The Red River club asked me to post up and remind everyone that their tailgate party on Saturday night is BYOB and they are in a dry county! They will be providing food though.

SM


----------



## El General (Aug 20, 2004)

That's the kind of information that cuts down on cursewords, slung mud, and needless killin'.


----------



## MikeBoley (Dec 26, 2003)

this may be the most useful post Shane has ever made. :lol:


----------



## FOM (Jan 17, 2003)

I head out tomorrow evening and plan to stop at get my own.....nothing worse than chunking birds all day for Mark to find out the nearest place to get a cold beer is 40 minutes away.....dry counties in the one thing I hate about Texas!

Lainee, Flash and Bullet


----------



## Shayne Mehringer (Jan 3, 2003)

FOM said:


> I head out tomorrow evening and plan to stop at get my own.....nothing worse than chunking birds all day for Mark to find out the nearest place to get a cold beer is 40 minutes away.....dry counties in the one thing I hate about Texas!
> 
> Lainee, Flash and Bullet


You can actually get beer right across the bridge. Its about 10 mins from Mark's. 2% Oklahoma beer... but its better than nothing.

SM


----------



## Howard N (Jan 3, 2003)

> *2% Oklahoma beer... but its better than nothing*


Geez is it worth the bother? Might as well drink water as 2% beer.


----------



## Paul Rainbolt (Sep 8, 2003)

XXX


----------



## Paul Rainbolt (Sep 8, 2003)

You get the good stuff at the liquor store Howard :wink: . 

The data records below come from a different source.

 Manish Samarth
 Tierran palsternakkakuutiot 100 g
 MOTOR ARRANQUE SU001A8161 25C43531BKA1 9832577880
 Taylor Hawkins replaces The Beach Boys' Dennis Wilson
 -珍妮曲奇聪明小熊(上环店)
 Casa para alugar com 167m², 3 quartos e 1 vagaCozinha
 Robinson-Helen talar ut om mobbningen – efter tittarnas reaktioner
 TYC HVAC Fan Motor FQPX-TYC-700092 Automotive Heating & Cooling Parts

Its going to be a cold one at Red River with snow and ice on the way.


----------



## Polock (Jan 6, 2003)

Shayne Mehringer said:


> FOM said:
> 
> 
> > I head out tomorrow evening and plan to stop at get my own.....nothing worse than chunking birds all day for Mark to find out the nearest place to get a cold beer is 40 minutes away.....dry counties in the one thing I hate about Texas!
> ...


There goes that Bridge stuff again.............................goes to show ya that Shayne knows his Bridges & Desk Clerks................ :shock:


----------



## Paul Rainbolt (Sep 8, 2003)

How much snow are they getting in Bohnam? We are going to get 10 inch or so.


----------



## Shayne Mehringer (Jan 3, 2003)

Tulsa Slim said:


> How much snow are they getting in Bohnam? We are going to get 10 inch or so.

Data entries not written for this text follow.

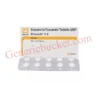 Bisosafe 2.5 Tablet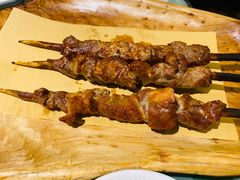 -新疆巴州金丝特餐厅(大钟寺店)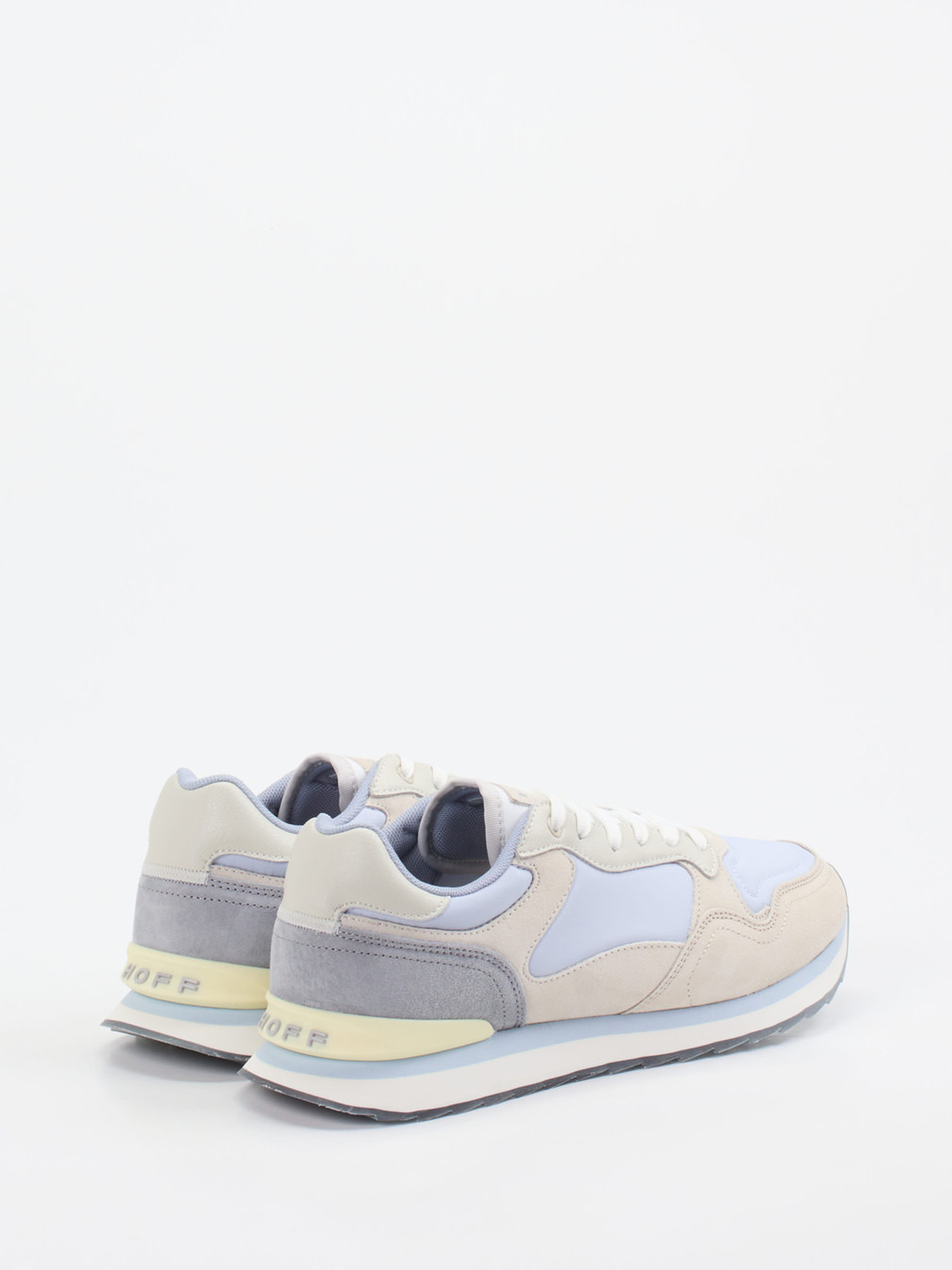 Sneaker blau 4661193000803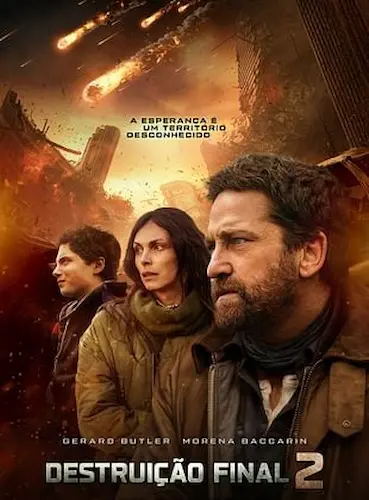 Destruição Final 2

There's hardly any on the ground there right now and its supposed to stop snowing shortly. Weather should be ok for tomorrow.

SM


----------



## Arturo (Jan 10, 2004)

Right now it is 27 degrees, 16 with the wind chill. Low tonight of 22. Tee off time is 7:30 a.m. o'clock in the morning for the Open! High Firday of 45. I'm there is spirit only!


My dog is there regards,
Arturo


----------



## BBnumber1 (Apr 5, 2006)

*Qual update*

Lainee asked me to post an update.

The Qual has completed 3 Series and will start water marks tomorrow.

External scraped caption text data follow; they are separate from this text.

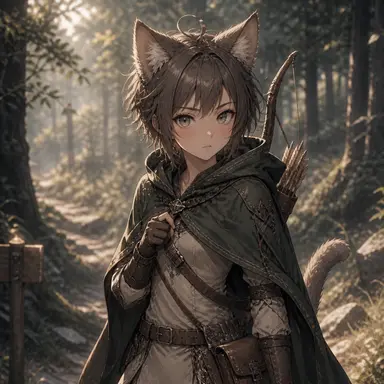 Profile image of レン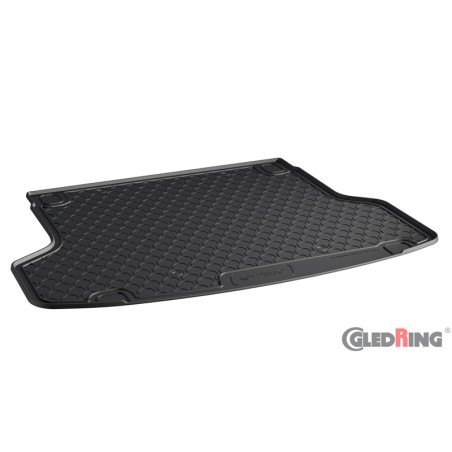 Coquille coffre-arrière Rubbasol (caoutchouc) sur mesure pour Hyundai i30 CW (PDE) 2017-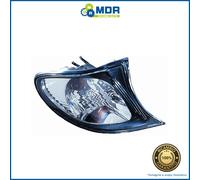 Right Transparent Headlight - DX - BMW 3 Series Touring E46 01->04
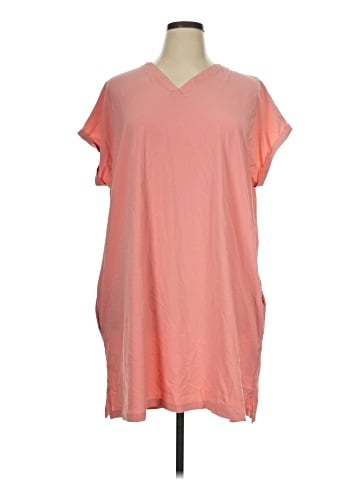 Stylus Casual Dress (view 1)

There are 10 dogs back to the 4th:

5 WW Button's "Sly" MacGregor O-Bill Dodd H-Mark Edwards
9 Two Step's No. Ninety-Nine O-Tom Vaughn H-Bill Schrader
15 Maple Creek's Calumet's Coyote O/H-Sharon Gierman 
18 Code Black Smoke O-Don Cuttone H-Mark Edwards
19 Black Powder's Crazy Ivan O/H Dave Fowler
20 High Meadow's Ramblin Rio O-Ronnie Stuart H-Clint Avant
24 Watermark's Pistolpack'n Sagon O/H Linda Noga 
26 Watermark's Laurie Darlin O-Richard Price H-Clint Avant
29 Lightning Fast Quack Attacker, O/H Lainee Munhollon
32 Cedar Bayou's-Holy Terror O-Chet Beaty H-Clint Avant

Good luck to all, but especially Lainee and Bullet    

David and Flash, at home while Lainees off playing with Dogs :lol: :lol:


----------



## Howard N (Jan 3, 2003)

Good for Lainee goin' into the 4th. Now tell her to quit messing up her dog and let Bullet do his job so he can be a qualified retriever.


----------



## Andy Carlson (Jan 3, 2003)

David - Thanks for the update!! And I couldn't agree more, good luck to all but especially Lainee and Bullet!!!!!   

Andy


----------



## Angie B (Sep 30, 2003)

Open callbacks to the second. Hope I got them right.......

3. Boomer, Schrader
4. Peli, Edwards
9. Jefe, West
10. Kate, Edwards
11. Alley, Washburn
15. Theda, Ritch
20. Maggie, Cicero
21. Rooster, Schrader
22. Lily, Becker  
23. Kweezy, Russell
24. Rip, Edwards
25. Buddy, Schrader
26. Twister, Wilson
29. Case, Schrader
30. Bowie, Jenkins
34. Daisy, Marcellus
35. Rainy, Cicero
36. Colt, Gierman
37. Rex, Carruth
47. Lucky, Cicero
48. Rip, Carruth
54. Java, Schrader
55. Pogo, Russell
57. Striker, Edwards
60. Abbey, Carruth
61. Ruby, Cicero
63. Luke, Schrader
65. Rhoney, Russell

Angie


----------



## Angie B (Sep 30, 2003)

*Re: Qual update*



BBnumberOne said:


> Lainee asked me to post an update.
> 
> The Qual has completed 3 Series and will start water marks tomorrow.
> 
> ...


Thanks,,,, Mr. Lainee......   

Angie


----------



## Howard N (Jan 3, 2003)

> 22. Lily, Becker


Angie, you wonderful pro you. I didn't know you ran trials. Good going and good luck.


----------



## Aaron Homburg (Sep 23, 2005)

*great*

*Go get em Lainee and Bullett!!! Good luck to all the open competitors!

Aaron*


----------



## Angie B (Sep 30, 2003)

Howard N said:


> > 22. Lily, Becker
> 
> 
> Angie, you wonderful pro you. I didn't know you ran trials. Good going and good luck.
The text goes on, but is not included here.